Understanding Refinery's data persistence

The process of storing data has changed between Refinery 4 (R4) and Refinery 5 (R5).

In R4, the data that came in over the course of the day would be stored in the Real-Time Database (RDB). At End of Day (EOD), midnight (00:00), the data would be written and sorted by the Persistence Database (PDB) into the .z.d-1 (the previous day's) partition in the Historical Database (HDB) directory. This is where the HDB was mounted and was the only means of publishing data to the HDB. While the PDB is writing and sorting the data, it would not accept any new data.

With R5, this process gained new life, allowing Refinery to be more dynamic and versatile. This versatility comes in the form of being able to call the EOD process at anytime during the day. This means that if you want to write your data to your HDB straight away after it is published via your TP, you can use a Command Line Interface (CLI) script to do this.

Stepping through Refinery 5's data persistence process

Data Life Cycle

Data ingestion

Data starts off by getting published into the Tickerplant (TP) via feed handlers that ensure that all incoming data is of the correct Refinery schema format before being published. This data then gets published to the RDB, where the data is held in memory for querying, and the IPDB (Intraday Persisting Database) [IPDB 1] via 25! (async broadcasting).

Intraday rollover

Without IDB

If the pipeline does not have an IDB (Intraday Database), then there is a single directory that inbound data is written down to either on a specified interval or configured number of rows (referred to as the intraday writedown). Data is wiped from the IPDB memory after upsert.

Data is stored in an intraday partition that matches the date component of the configured time column's timestamp.

With IDB

If the pipeline does have an IDB, then there are two persist directories that it alternates between reading from when performing queries. The IDB is mounted on the directory that is not being written to.

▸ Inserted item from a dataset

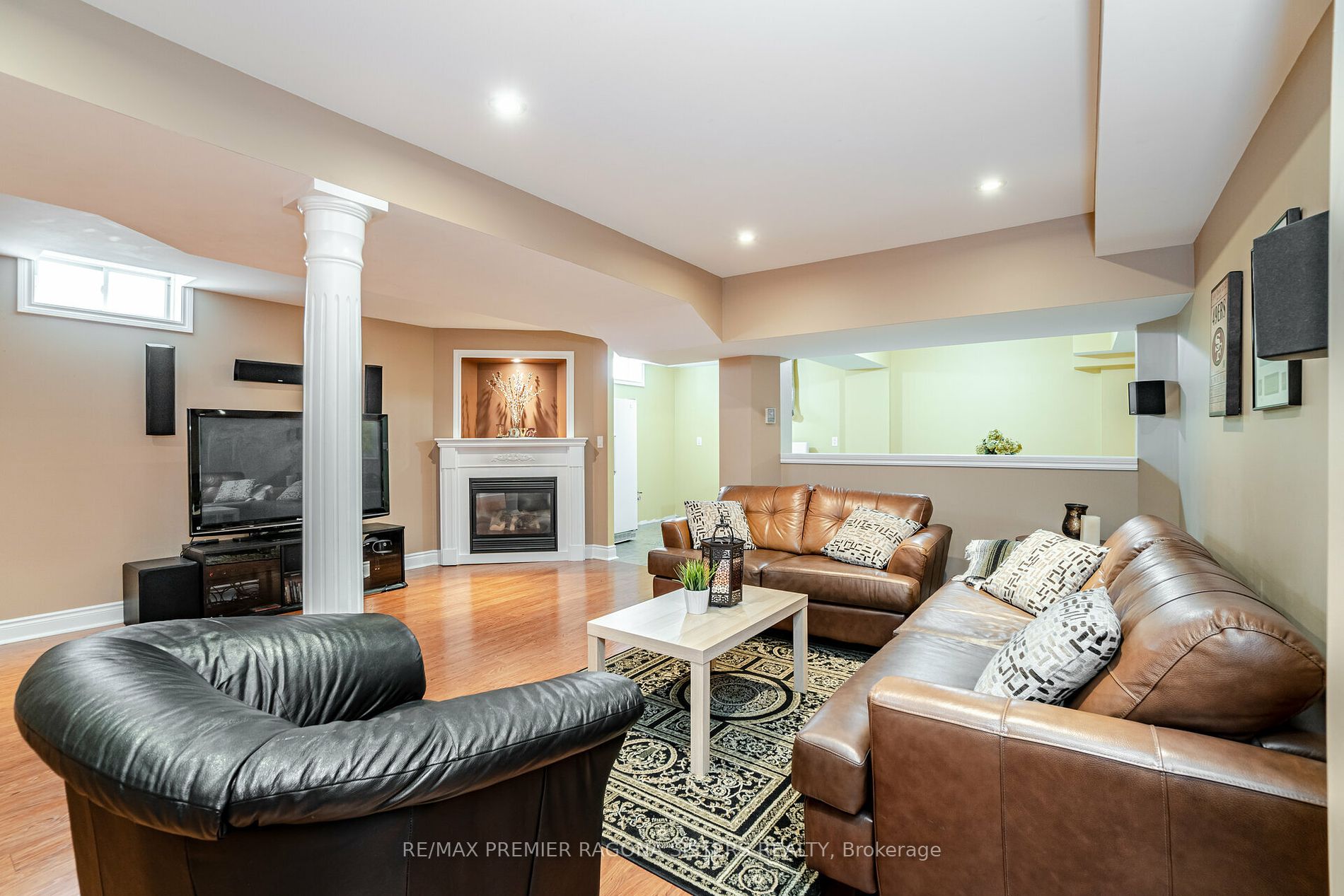 72 Criscione Dr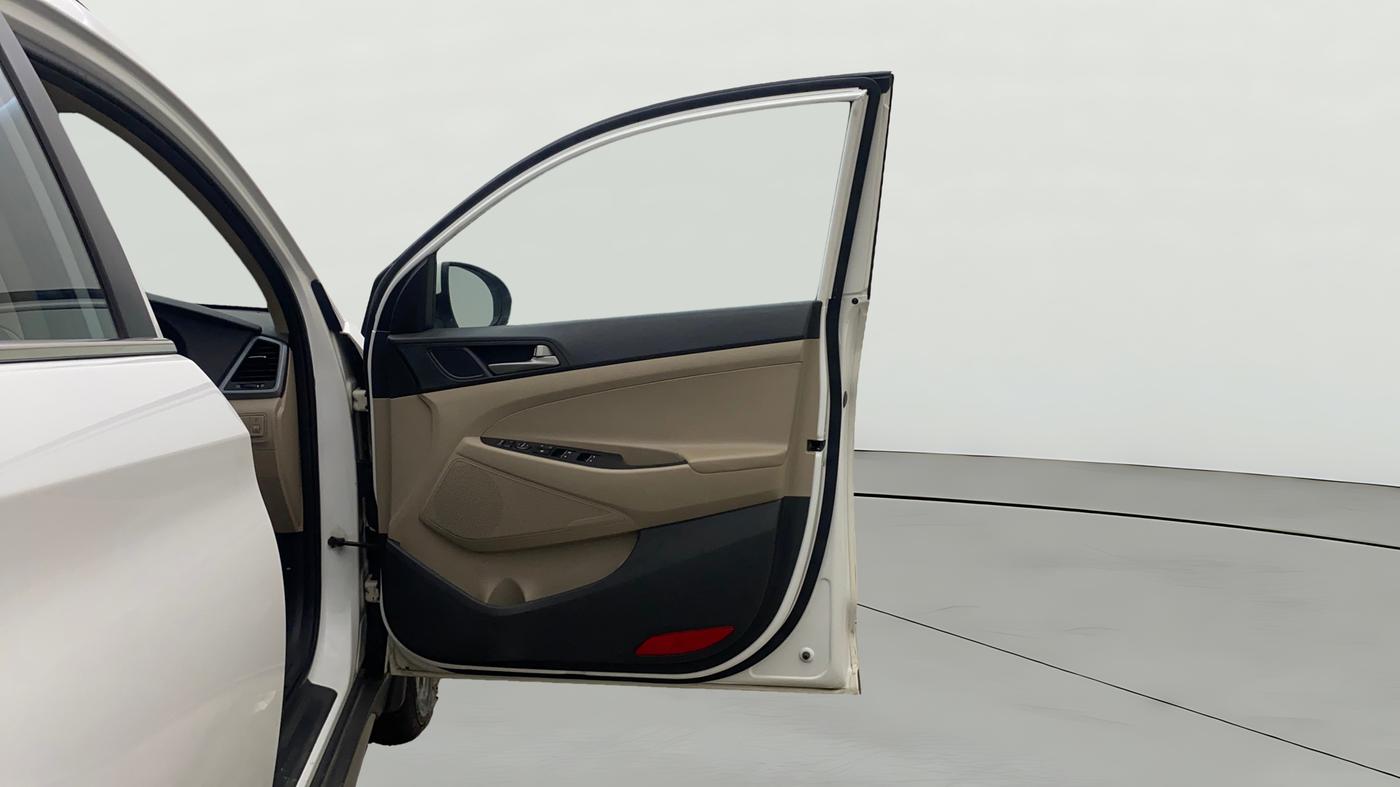 2019 Hyundai Tucson GL (O) 2WD AT PETROL, Petrol, Automatic, 1,14,846 km, RHS Front Door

The IPDB will be holding the previous intraday interval in memory, as well as the new one, such that each alternating persist directory "catches up" to the one that was previously written to. The IPDB also holds the last row of each table and sends these to the RDB to flush [IPDB 2] everything before and including these rows each time an intraday write occurs.

EOD rollover

EOD can happen at any time, or multiple times in a day, due to the late data support in the system. When the EOD event is triggered, a message is sent and the IPDB will immediately do an intraday write to flush any recent memory to disk. At this point it will hold the last row of each table, which is later used to co-ordinate the RDB flush.

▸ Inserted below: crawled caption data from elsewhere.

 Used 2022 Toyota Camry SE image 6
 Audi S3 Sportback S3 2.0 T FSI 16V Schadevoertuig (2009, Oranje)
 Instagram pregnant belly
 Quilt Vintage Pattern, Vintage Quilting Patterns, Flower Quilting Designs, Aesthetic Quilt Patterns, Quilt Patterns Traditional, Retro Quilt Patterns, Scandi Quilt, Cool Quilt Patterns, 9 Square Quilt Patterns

The EPDB (End of Day Persisting Database) is responsible for handling further operations so that the IPDB can continue to persist incoming data during EOD procedures.

"Late data" is any new data for which a partition already exists within the HDB. If there is late data, the EPDB makes a copy of the HDB directory data into the HDB-alt directory [EPDB 3] so that it can merge new data without affecting HDB operation.

The partitions that were in the IPDB persist directories are moved to the "late data" directory [EPDB 1]. If the pipeline has an LDIDB (Late Data Intraday Database), that will then mount and service queries during the EOD period.

If data is not "late", it is copied from the IPDB persist directory into the HDB directory and sorted [EPDB 2], as it will not affect HDB query.

The data from the late directory partitions is then upserted by the EPDB into the HDB-alt directory partitions and sorted [EPDB 4]. Once a hdb-alt partition is sorted, the HDB partition is moved to a temporary garbage directory [EPDB 5], the HDB-alt partition is moved into the HDB [EPDB 6], and the garbage partition is then deleted. The HDB is synchronously blocked during this move operation to prevent query error. On unblock a HDB reload is forced to pick up the new partition. If there is a LDIDB, that is also blocked and reloaded during this operation to prevent query errors.

Once the most recent data is in the HDB, a message is sent to the RDB telling it to wipe each table from memory, synchronised with the reload of the HDB.